» EXERCISE MATERIAL:
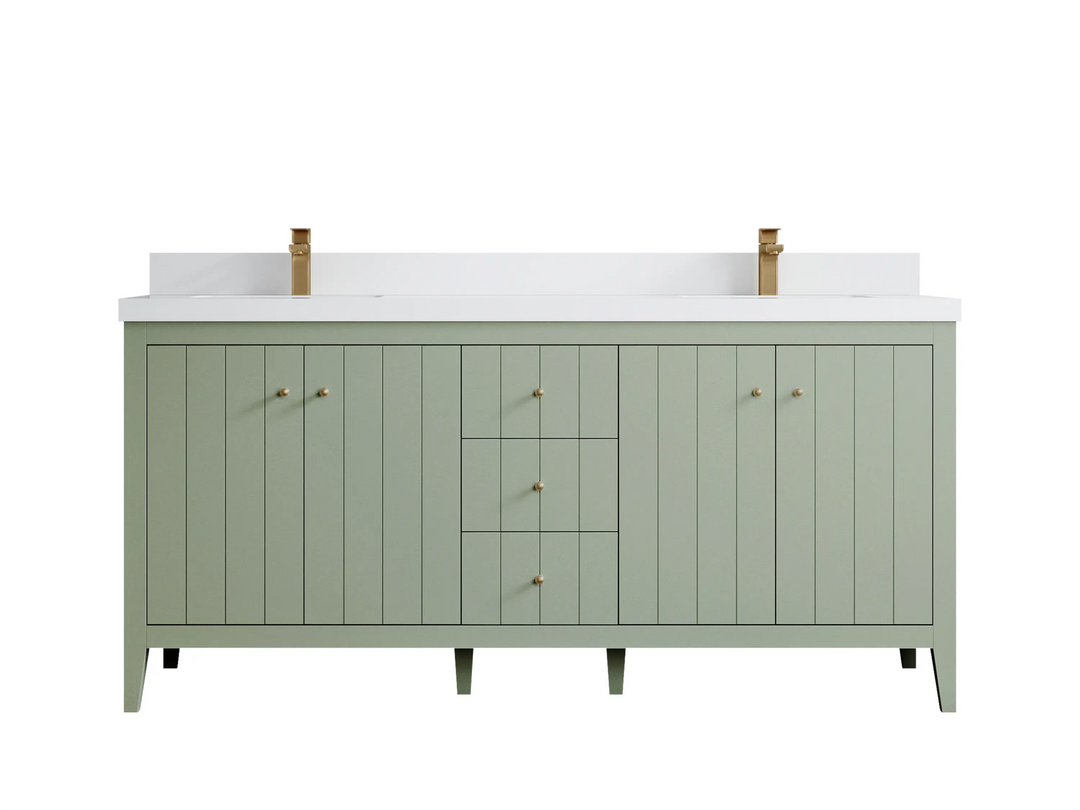 Atlanta 72 in. W x 22 in. D Double Sink Bathroom Vanity - Willow Bath and Vanity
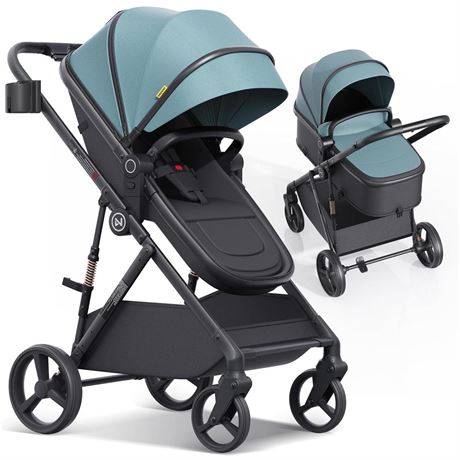 newyoo Infant Stroller with Bassinet, Convertible Baby/Toddler Strollers w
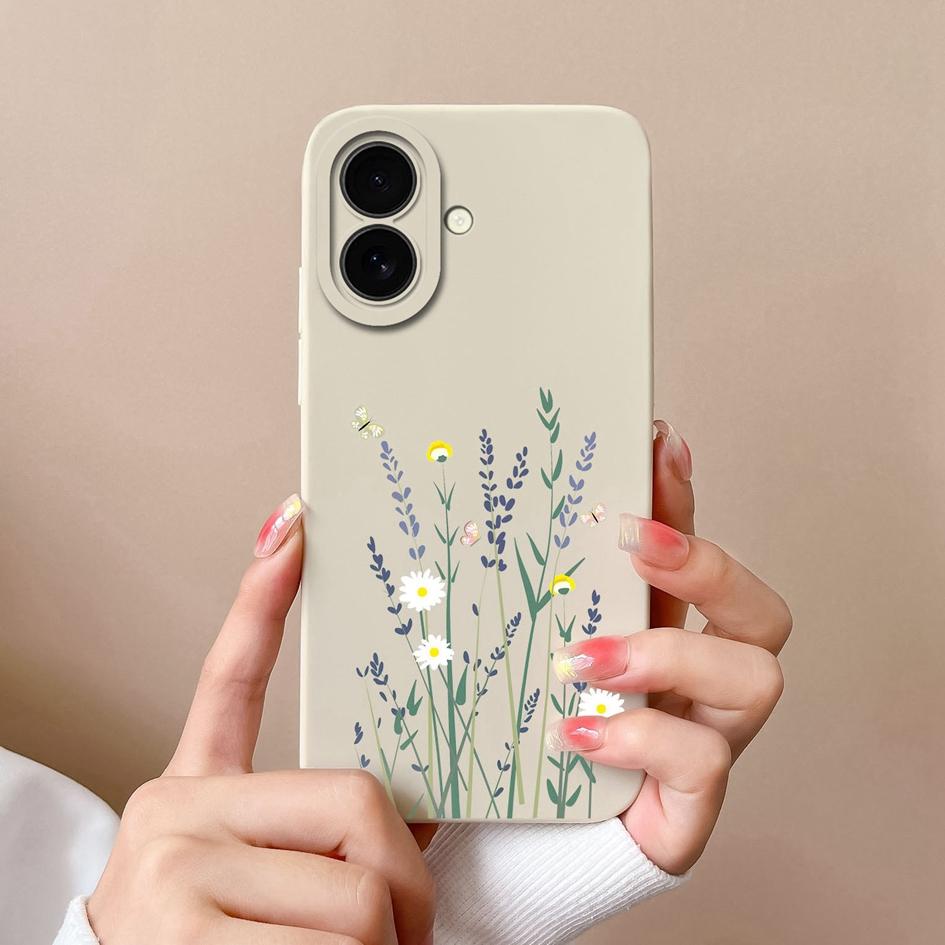 Husă Pentru Apple iPhone 16 Plus 16pro 16promax Avocado Drăguț Flori Frumoase Silicon Lichid Moale Subțire Pictat Anti Cădere Anti Alunecare Carcasă Pentru iPhone Capa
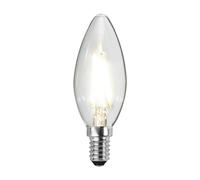 STAR TRADING Bombilla vela LED E14 B35 2W 2700K filamento 250lm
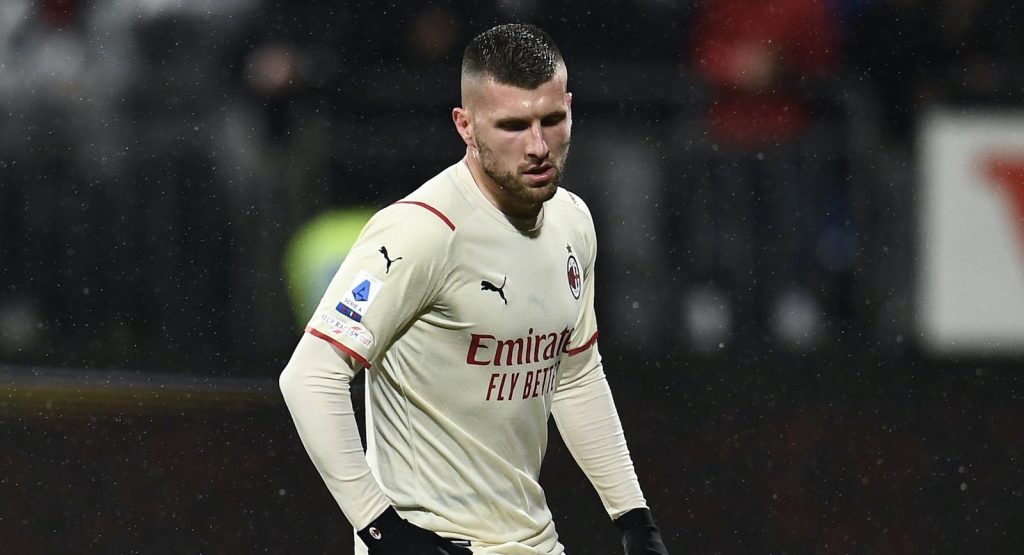 Ante Rebic AC Milan Cagliari-Milan 0-1 Serie A 2021-2022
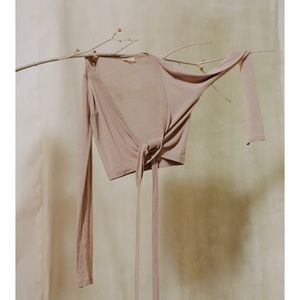 Ozma of California Dance Wrap Top XS Tea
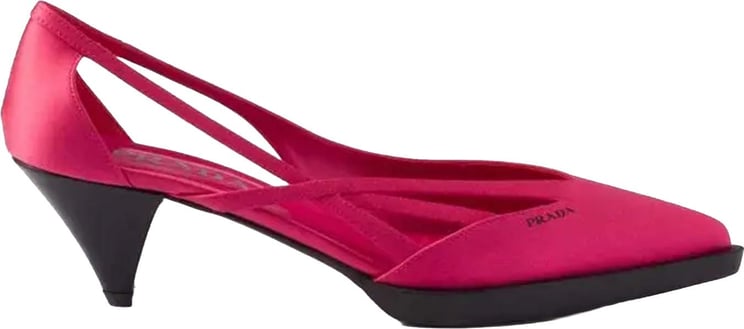 Prada Prada 55mm Satin Cut-Out Pumps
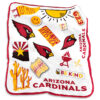 Arizona Cardinals Blankets - Sherpa Blanket for Sofa - Warm (Multiple Sizes) arizona cardinals blankets sherpa blanket for sofa warm multiple sizes ver 4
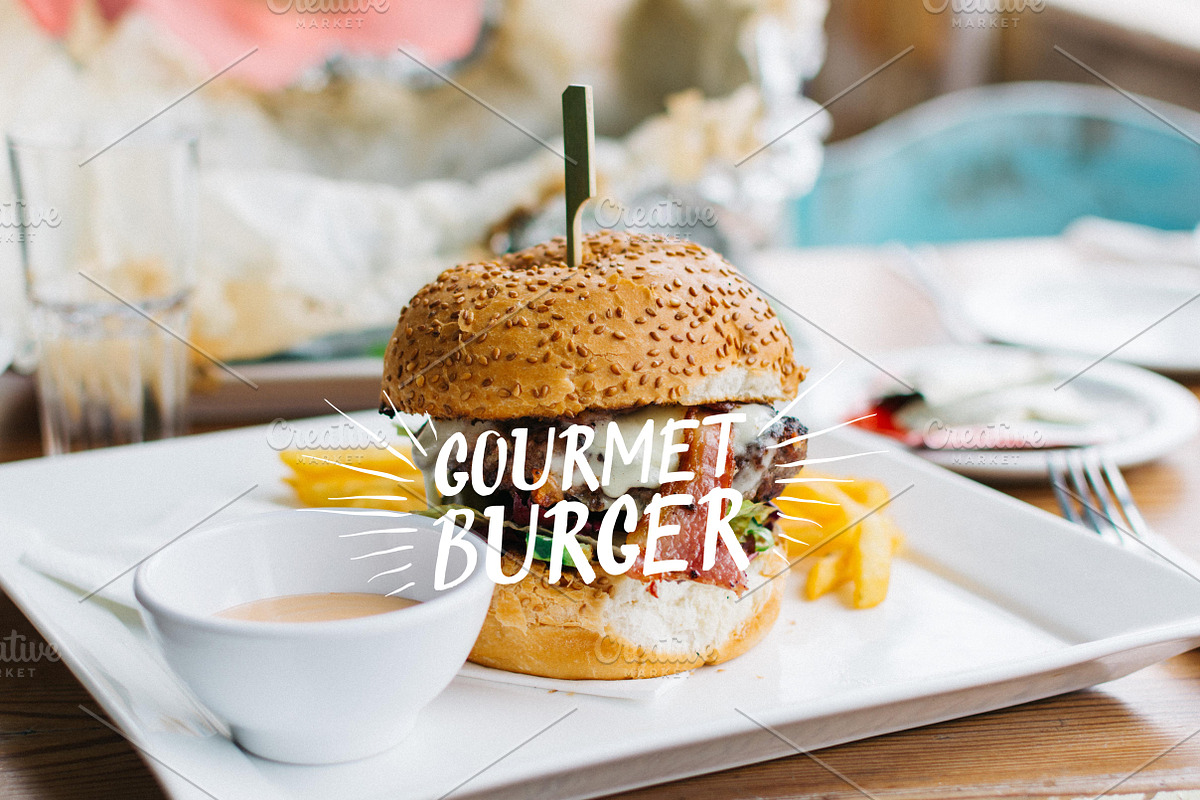 Original Burger Font preview 2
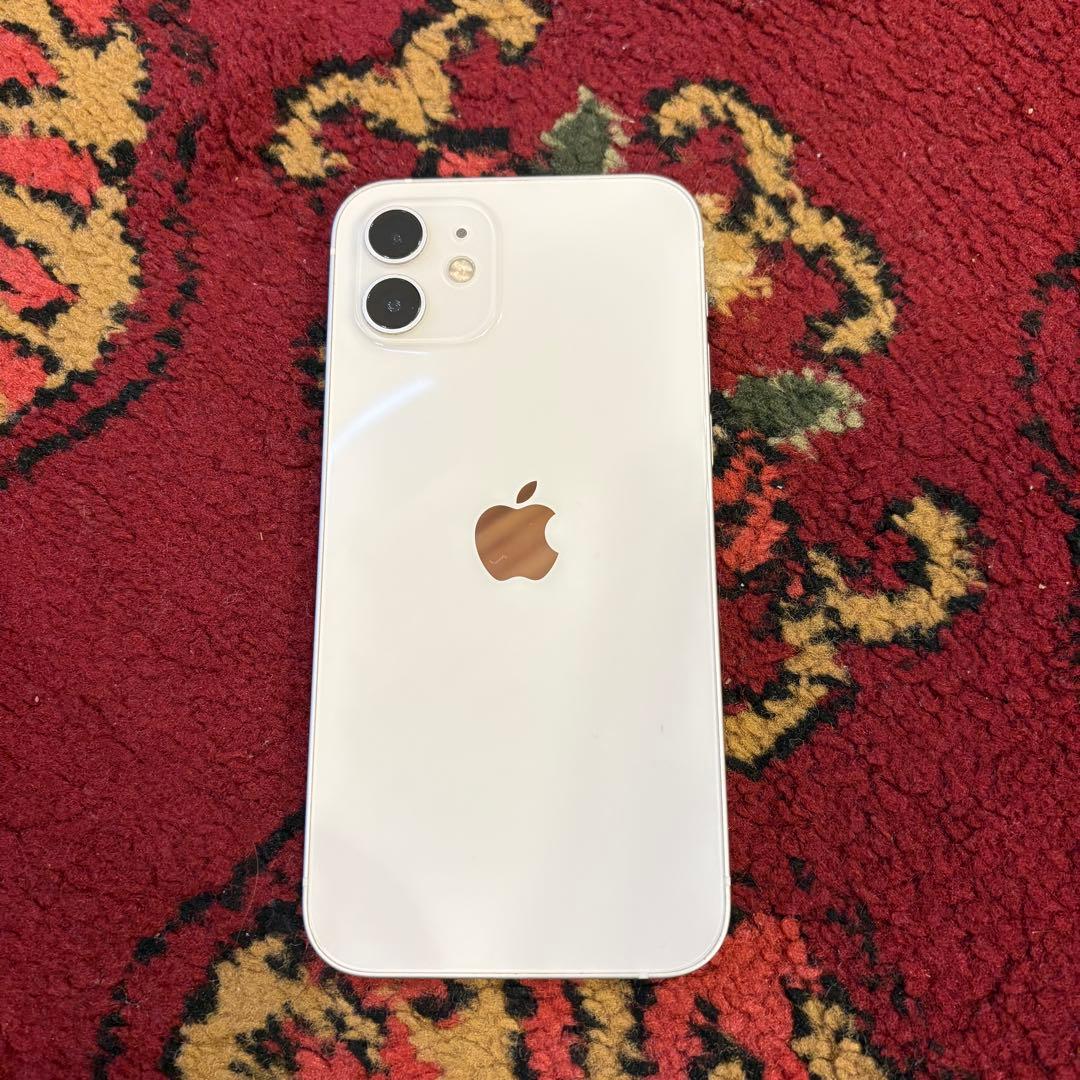 【状態良好】iPhone 12 ホワイト 64G バッテリー77% au購入品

» EXERCISE DESCRIPTION: Please reproduce exactly and only the lines from the first line of the records through the line containing "newyoo Infant Stroller", both included, omitting any pictures.

» OUTPUT OF THE TASK:
 Atlanta 72 in. W x 22 in. D Double Sink Bathroom Vanity - Willow Bath and Vanity
 newyoo Infant Stroller with Bassinet, Convertible Baby/Toddler Strollers w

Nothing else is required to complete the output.